◆ What is required: Skip the images and copy each record exactly as written.

◆ Recorded data:
──────────
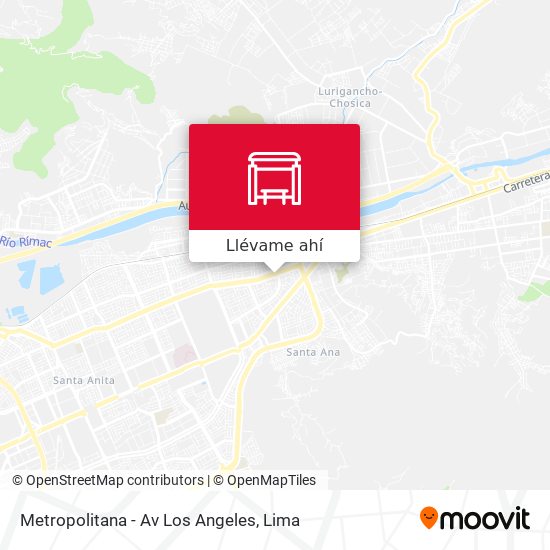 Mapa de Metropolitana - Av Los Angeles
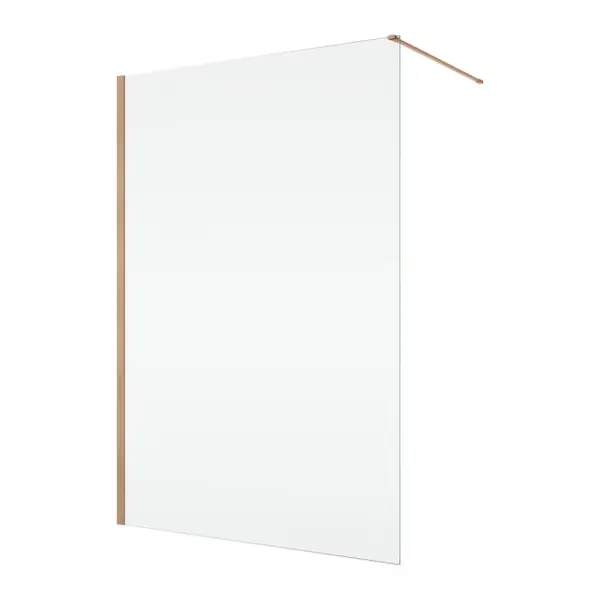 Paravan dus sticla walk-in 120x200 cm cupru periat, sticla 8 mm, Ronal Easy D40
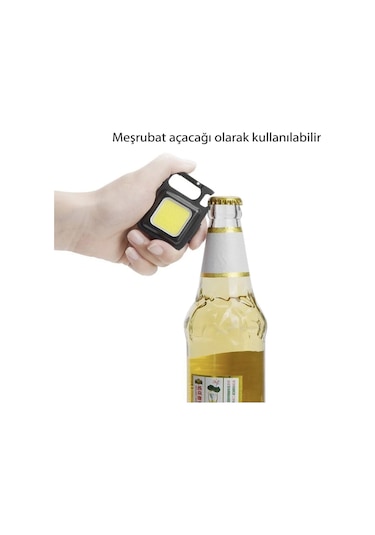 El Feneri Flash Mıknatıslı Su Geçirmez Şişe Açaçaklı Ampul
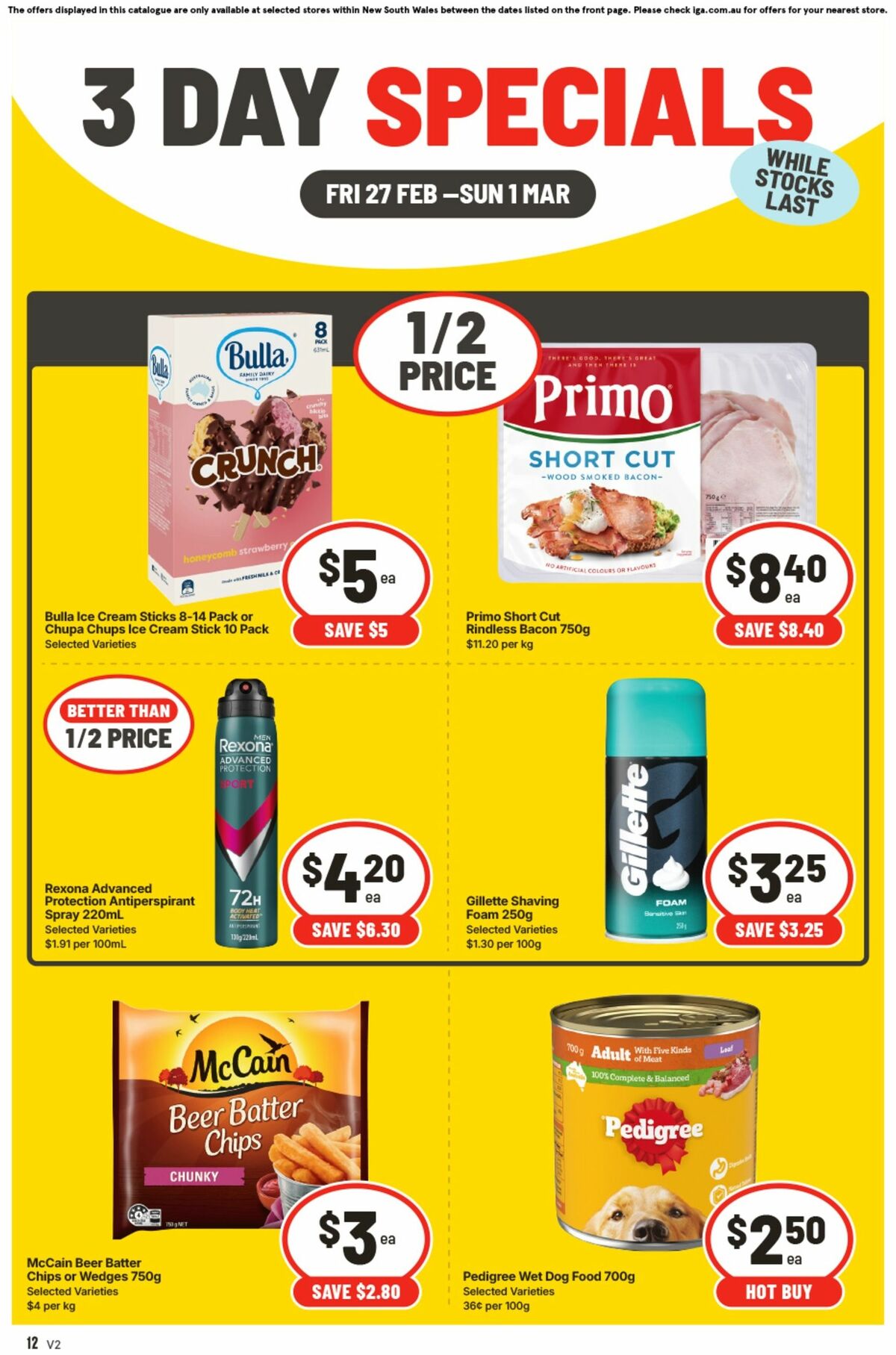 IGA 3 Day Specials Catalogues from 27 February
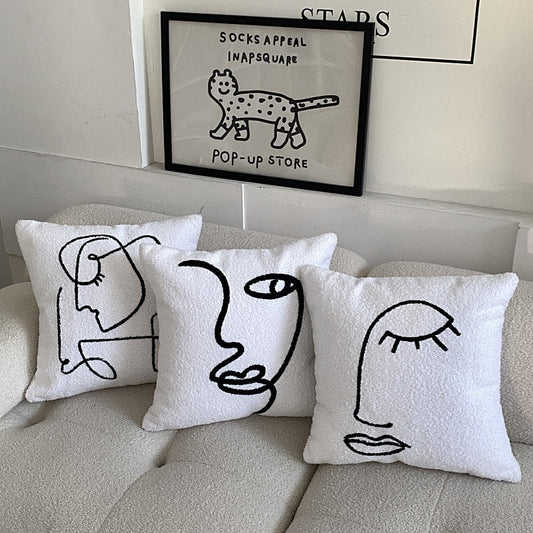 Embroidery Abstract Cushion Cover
──────────
◆ Response:
 Mapa de Metropolitana - Av Los Angeles
 Paravan dus sticla walk-in 120x200 cm cupru periat, sticla 8 mm, Ronal Easy D40
 El Feneri Flash Mıknatıslı Su Geçirmez Şişe Açaçaklı Ampul
 IGA 3 Day Specials Catalogues from 27 February
 Embroidery Abstract Cushion Cover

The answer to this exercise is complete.